While the Panorama programme charged the pension industry with taking up to 80 per cent of contributions over a 40-year period, Pitt-Watson’s Building a Consensus for a People’s Pension in Britain paper claims that a more modest but still substantial 38 per cent of retirement income is lost to charges.
But Pitt-Watson’s report is more than just another critique of the effect of high charges on pension returns. The paper is perhaps best remembered for its assertion that if a typical Dutch person and a typical British person save the same amount for their pension, the Dutch person will probably get a 50 per cent higher income in retirement.
That figure is not just as a result of charges but also because of a combination of economies of scale and a less restrictive investment approach that would crank up growth considerably if adopted in the UK.

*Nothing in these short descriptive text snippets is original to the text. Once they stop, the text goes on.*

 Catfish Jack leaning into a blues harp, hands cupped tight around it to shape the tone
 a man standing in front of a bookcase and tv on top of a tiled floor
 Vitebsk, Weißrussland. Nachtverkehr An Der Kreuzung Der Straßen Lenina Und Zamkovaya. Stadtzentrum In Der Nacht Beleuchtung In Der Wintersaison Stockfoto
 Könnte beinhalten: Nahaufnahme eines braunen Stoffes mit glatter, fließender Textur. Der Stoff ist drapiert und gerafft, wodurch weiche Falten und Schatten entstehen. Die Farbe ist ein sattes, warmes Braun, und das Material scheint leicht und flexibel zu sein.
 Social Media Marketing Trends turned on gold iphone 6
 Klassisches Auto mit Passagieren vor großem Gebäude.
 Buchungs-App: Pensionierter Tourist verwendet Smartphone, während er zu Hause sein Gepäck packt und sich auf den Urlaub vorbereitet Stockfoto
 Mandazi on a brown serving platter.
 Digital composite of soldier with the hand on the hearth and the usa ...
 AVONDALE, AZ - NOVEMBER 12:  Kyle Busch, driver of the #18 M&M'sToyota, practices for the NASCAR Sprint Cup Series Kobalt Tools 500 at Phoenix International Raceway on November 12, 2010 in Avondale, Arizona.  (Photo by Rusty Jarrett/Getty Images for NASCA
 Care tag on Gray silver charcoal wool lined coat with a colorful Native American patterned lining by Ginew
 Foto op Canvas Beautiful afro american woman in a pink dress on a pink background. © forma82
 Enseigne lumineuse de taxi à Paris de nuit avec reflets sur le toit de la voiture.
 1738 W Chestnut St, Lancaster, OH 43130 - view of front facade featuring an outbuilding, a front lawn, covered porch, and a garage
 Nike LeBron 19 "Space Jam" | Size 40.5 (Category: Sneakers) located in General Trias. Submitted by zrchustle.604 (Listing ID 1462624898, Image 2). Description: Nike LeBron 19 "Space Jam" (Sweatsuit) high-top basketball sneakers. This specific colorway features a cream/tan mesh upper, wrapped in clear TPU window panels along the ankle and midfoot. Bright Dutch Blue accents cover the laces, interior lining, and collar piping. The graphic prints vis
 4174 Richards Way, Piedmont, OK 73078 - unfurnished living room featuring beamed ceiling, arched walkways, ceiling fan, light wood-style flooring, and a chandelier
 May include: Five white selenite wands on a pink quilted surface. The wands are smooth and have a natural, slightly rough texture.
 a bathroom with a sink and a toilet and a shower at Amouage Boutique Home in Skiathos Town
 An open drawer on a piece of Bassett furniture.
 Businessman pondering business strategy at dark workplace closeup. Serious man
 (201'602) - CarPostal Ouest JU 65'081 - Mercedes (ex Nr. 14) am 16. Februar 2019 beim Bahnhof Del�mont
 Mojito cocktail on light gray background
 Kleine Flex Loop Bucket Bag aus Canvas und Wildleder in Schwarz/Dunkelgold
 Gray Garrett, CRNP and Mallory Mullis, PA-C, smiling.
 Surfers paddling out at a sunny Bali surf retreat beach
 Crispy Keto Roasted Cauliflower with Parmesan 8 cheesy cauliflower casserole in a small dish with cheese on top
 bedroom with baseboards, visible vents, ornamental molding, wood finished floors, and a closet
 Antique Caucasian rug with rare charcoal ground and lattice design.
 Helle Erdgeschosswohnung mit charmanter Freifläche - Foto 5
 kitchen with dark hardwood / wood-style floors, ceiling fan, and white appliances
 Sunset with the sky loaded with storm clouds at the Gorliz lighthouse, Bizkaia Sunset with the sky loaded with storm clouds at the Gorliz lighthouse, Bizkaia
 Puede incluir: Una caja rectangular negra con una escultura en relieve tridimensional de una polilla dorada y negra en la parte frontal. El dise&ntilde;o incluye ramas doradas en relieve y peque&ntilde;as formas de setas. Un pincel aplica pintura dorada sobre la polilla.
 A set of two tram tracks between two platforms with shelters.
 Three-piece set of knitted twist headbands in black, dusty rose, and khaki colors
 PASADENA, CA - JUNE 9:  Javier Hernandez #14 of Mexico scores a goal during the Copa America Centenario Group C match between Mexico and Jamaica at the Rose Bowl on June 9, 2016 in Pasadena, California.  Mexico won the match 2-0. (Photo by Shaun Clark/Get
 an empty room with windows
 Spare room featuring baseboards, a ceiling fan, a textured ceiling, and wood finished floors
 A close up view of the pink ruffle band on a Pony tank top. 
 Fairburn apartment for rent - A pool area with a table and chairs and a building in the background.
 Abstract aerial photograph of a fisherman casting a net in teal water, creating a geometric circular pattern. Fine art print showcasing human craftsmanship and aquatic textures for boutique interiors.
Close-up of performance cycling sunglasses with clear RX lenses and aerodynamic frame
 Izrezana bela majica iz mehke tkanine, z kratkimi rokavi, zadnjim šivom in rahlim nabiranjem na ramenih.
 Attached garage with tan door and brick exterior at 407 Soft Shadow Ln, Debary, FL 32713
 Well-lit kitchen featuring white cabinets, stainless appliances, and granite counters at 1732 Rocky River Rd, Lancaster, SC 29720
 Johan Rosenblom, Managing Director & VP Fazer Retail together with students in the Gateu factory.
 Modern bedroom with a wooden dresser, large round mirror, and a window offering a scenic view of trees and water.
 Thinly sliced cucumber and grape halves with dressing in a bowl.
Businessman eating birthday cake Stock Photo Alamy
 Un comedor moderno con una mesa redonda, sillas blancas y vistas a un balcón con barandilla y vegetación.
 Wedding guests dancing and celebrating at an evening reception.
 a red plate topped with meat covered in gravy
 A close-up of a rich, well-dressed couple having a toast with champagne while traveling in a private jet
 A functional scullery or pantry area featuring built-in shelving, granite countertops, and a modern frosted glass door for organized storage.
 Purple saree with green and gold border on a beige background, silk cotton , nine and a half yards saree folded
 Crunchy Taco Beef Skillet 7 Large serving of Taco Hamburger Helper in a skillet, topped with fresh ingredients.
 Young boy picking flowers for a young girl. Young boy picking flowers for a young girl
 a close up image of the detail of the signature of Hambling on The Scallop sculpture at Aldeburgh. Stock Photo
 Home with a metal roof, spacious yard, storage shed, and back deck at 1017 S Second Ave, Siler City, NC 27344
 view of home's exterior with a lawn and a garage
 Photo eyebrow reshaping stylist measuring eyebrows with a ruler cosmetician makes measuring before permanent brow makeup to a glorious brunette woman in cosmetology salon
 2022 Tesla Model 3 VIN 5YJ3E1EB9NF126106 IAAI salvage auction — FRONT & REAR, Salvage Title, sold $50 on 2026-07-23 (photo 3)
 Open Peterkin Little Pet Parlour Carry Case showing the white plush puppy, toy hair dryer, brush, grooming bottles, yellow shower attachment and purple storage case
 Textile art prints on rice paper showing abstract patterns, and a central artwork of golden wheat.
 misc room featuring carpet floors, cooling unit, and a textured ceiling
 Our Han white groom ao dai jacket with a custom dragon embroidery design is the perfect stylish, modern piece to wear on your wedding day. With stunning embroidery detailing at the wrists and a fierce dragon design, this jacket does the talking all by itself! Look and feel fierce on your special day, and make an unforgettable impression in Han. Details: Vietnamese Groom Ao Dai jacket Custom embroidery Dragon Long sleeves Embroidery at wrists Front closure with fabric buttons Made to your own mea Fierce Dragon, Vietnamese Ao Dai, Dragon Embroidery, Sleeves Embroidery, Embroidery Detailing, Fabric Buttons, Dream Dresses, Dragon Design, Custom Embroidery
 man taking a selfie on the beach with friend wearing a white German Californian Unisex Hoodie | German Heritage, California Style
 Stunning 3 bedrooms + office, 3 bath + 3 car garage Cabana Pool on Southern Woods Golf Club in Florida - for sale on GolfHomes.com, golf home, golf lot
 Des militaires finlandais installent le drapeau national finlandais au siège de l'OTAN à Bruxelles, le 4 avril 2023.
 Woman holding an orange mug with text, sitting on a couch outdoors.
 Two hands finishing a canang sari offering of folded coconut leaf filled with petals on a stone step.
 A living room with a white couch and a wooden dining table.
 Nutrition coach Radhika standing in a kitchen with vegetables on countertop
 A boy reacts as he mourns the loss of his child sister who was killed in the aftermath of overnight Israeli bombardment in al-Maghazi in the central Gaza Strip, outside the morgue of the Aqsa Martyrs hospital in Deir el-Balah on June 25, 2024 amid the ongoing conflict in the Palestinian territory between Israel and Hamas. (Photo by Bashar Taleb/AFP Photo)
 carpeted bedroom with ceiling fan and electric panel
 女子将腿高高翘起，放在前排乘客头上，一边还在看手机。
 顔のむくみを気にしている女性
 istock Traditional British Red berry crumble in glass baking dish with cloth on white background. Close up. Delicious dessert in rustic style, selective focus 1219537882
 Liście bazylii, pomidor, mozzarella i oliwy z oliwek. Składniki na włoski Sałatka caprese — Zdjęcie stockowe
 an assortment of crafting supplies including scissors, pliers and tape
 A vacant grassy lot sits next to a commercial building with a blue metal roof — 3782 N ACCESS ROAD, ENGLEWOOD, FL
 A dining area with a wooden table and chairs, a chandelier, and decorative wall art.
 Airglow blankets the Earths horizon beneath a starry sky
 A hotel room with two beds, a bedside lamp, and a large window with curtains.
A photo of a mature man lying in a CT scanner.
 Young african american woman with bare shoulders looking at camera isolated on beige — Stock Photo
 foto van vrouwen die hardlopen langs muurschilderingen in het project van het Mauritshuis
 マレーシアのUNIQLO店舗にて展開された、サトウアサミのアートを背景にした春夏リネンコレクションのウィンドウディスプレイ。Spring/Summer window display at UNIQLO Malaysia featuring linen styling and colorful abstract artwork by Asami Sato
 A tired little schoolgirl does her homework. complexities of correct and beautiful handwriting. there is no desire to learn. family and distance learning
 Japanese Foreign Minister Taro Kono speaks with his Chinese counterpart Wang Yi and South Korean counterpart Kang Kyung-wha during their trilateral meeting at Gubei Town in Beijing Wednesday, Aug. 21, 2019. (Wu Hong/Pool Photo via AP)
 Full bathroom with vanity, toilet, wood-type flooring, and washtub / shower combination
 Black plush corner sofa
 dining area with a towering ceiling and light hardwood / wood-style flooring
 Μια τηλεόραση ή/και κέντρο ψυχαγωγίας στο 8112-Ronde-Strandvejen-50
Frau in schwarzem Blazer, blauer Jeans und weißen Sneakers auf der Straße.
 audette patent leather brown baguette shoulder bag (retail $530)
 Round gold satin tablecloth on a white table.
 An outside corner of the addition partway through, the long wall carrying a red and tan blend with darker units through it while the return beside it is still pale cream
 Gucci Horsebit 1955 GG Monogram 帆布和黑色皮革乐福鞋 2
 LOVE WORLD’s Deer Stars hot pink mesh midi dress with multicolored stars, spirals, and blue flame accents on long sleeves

Pitt-Watson’s figures have been attacked for using an annual management charge of 1.5 per cent, which, while common for those with active management and/or paying for advice, seems high for the man in the street. The reality is that most modern group schemes even a tenth of the size of the huge industry-wide collective DC schemes proposed by Pitt-Watson have annual charges nearer to 0.5 per cent.
’To get a collective DC to work will require something of a cultural change as well as a regulatory change’
Pitt-Watson says: “The way we use that 1.5 per cent figure in the report is not to say that everybody is paying that. We are saying that the difference between somebody who pays 1.5 per cent and someone who is paying 0.5 per cent can mean a difference of about 45 per cent in your pension.
“We are not trying to say that is the right number. But if somebody said ’is that so many million miles from what is typical, particularly among smaller funds?’ I think it is not. You have to multiply an AMC by 25 to understand what it really is over a 60-year period.”
He is unrepentant about the figures, arguing that there are many situations where charges exceed 1 per cent, including some trust-based schemes, and particularly where schemes are small.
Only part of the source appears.